Gregory Minh (Russian: Григорий Николаевич Минх; September 7, 1836 – December 12, 1896 in Saratov), was an epidemiologist, pathologist and former professor at the Department of Pathological Anatomy at the University of St. Vladimir.
Educated at the grammar school in Saratov and Moscow University, Minh then spent several years as an intern at the therapeutic clinic of Professor Zakharyin. As a young doctor studying typhoid's effects, he injected himself with typhoid blood, thus contracting the disease and nearly died from its complications. Between 1863 and 1865, he traveled to Germany to study pathological anatomy. In 1876, he took the chair as director of pathological anatomy at the University of Kyiv, where he was subsequently (four years later) promoted to full professor.
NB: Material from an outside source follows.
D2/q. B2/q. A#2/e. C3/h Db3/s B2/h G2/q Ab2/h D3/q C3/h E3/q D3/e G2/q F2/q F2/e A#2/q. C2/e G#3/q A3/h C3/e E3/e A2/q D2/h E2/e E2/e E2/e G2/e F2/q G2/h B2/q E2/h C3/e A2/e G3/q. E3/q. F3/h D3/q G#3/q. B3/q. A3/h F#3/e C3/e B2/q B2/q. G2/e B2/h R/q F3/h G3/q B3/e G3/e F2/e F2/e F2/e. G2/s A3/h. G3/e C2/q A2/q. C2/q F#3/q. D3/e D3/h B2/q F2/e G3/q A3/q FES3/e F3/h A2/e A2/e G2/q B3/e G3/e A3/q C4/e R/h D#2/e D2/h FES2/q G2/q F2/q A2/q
Minh spent a decade studying leprosy and vitiligo in various parts of Russia. Having explored the foci of leprosy during a special expedition to Persia, Central Asia and the Caucasus, he gave a description of the clinic and epidemiology of leprosy, and proved that leprosy is an infectious disease. He likewise visited the Astrakhan steppes, the Kuban region, and as for as a trip to Egypt and the Levant, where he collected extensive material on the history of leprosy since ancient times. Minh maintained that the biblical tzaraath is synonymous with the modern term vitiligo.[1]
Studying the epidemiology of typhus and relapsing fever, he found that the carriers of these diseases where blood-sucking insects. His work, "Plague in Russia" (1898), written on the basis of the study of the epidemic in 1878-79 in the village of Vetlyanskaya (Vetluzhsky), was the work of his personal involvement therein; in this work, the characteristic of the clinic and the bubonic plague and pneumonic forms indicated the route of infection. He also found that both intestinal and pulmonary anthrax have a common origin. In 1873, he described the anthrax as bodies that migrate in cells, but was not able to properly assess the significance of this observation.
Minh acquired widespread recognition due to his report on the vetlyanskoy plague of 1879.